═════ Data in this exercise ═════

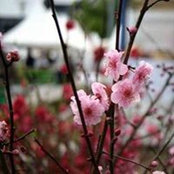 Dawn Davis's photo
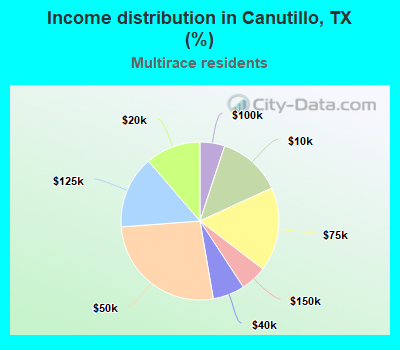 Income distribution in Canutillo, TX (%)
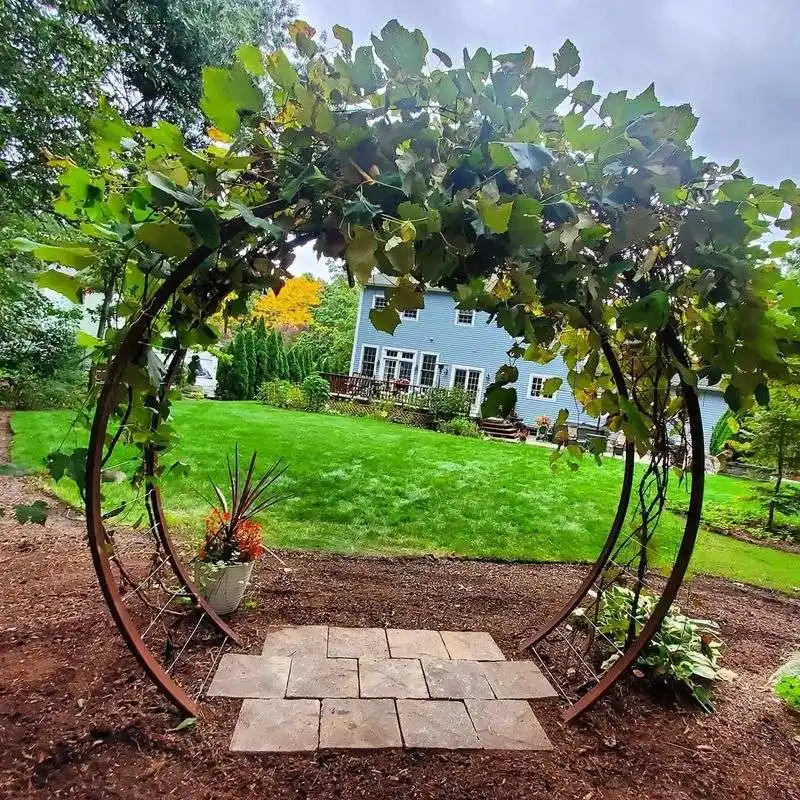 Grape Vine Trellis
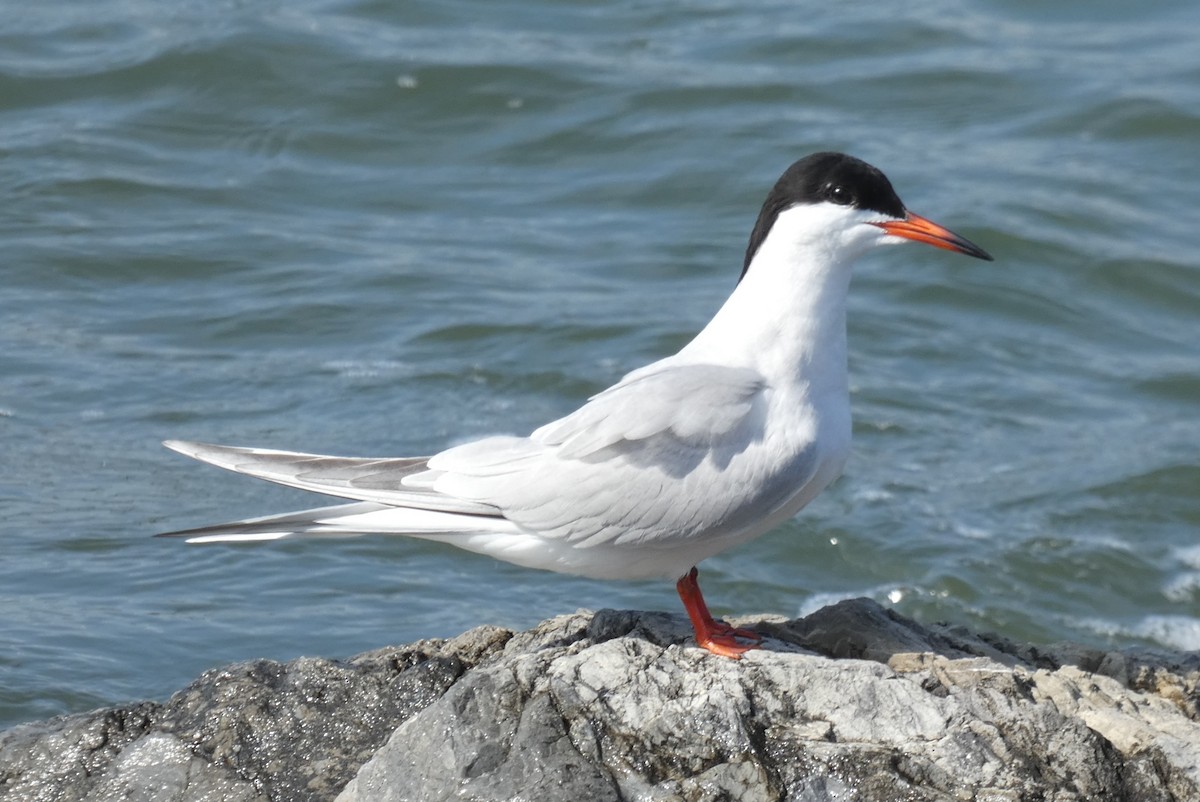 Common Tern - ML581288331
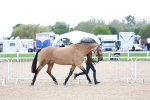 SBM_15336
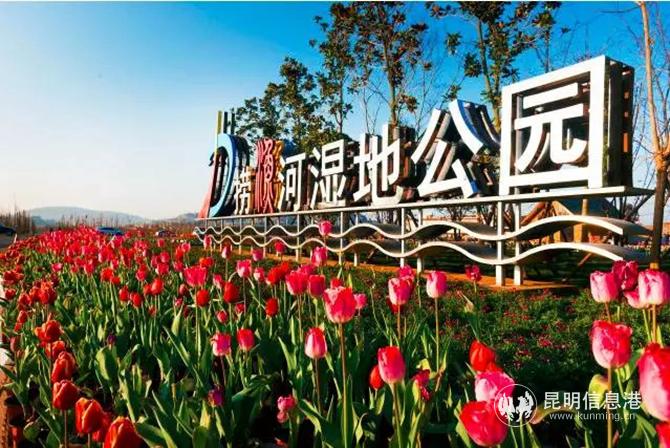 mmexport1601468697312 mmexport1601468697312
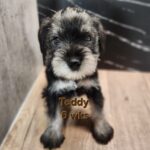 TEDDY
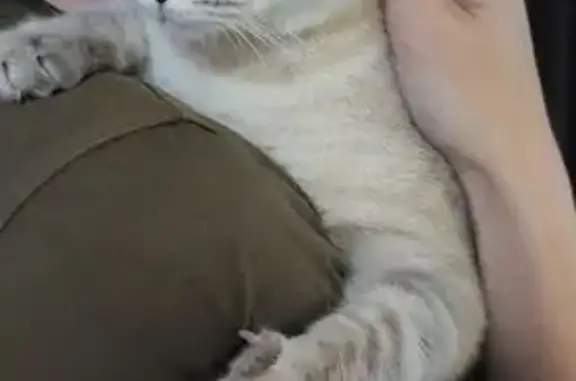 Кошки потеряшки, Оренбург, фото: Потеряшка кошка Серый, Гагарина, 8А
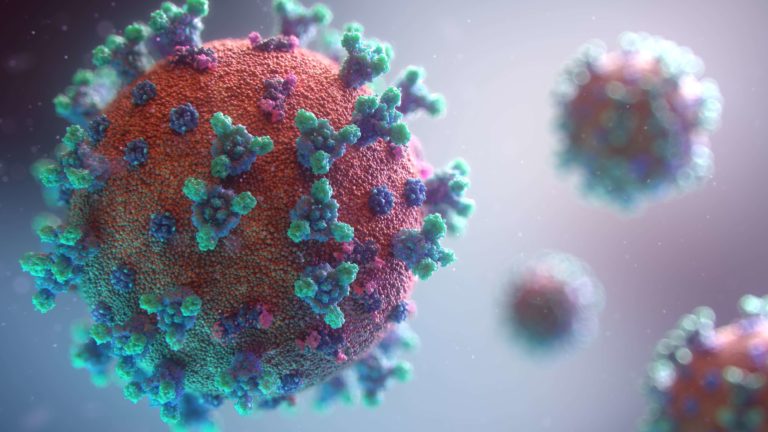 Coronavírus: quase 5 meses de crise sanitária no DF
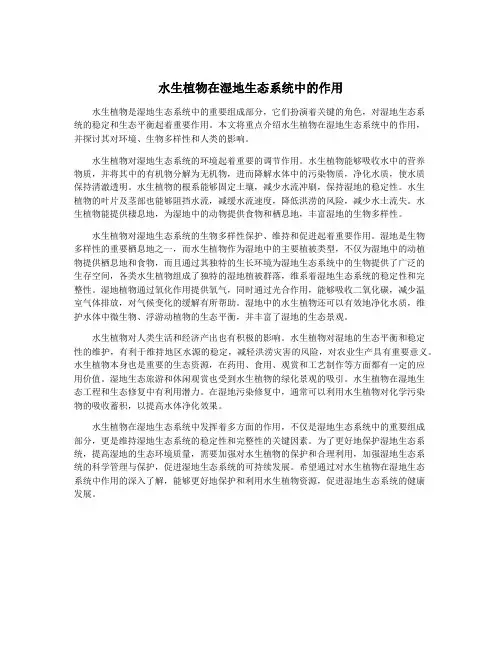 水生植物在湿地生态系统中的作用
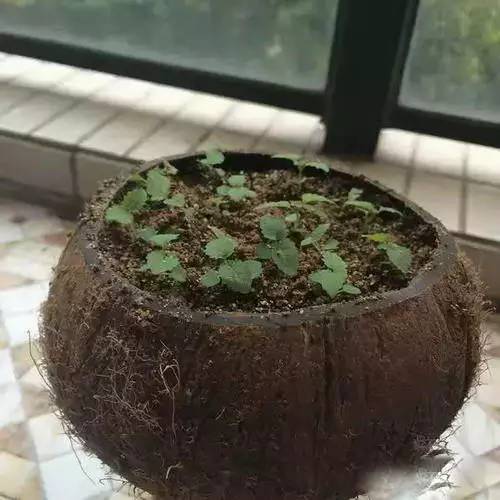 教你巧制精美花盆,做花盆大全简单方法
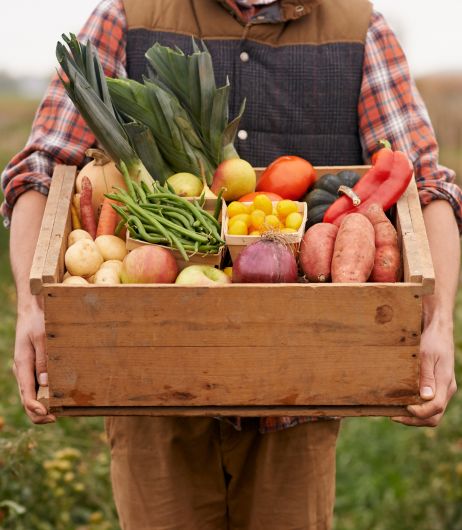 Food Security and Nutrition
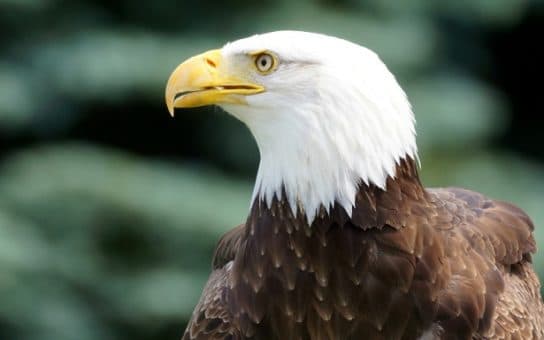 Birds of Asia with photos and names | Predatory and flightless birds of Asia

═════

* _What is needed_
Now repeat exactly the lines from the one with "mmexport1601468697312 mmexport1601468697312" through the end of the listing above, both included, omitting all pictures.

* _Output for this task_
 mmexport1601468697312 mmexport1601468697312
 TEDDY
 Кошки потеряшки, Оренбург, фото: Потеряшка кошка Серый, Гагарина, 8А
 Coronavírus: quase 5 meses de crise sanitária no DF
 水生植物在湿地生态系统中的作用
 教你巧制精美花盆,做花盆大全简单方法
 Food Security and Nutrition
 Birds of Asia with photos and names | Predatory and flightless birds of Asia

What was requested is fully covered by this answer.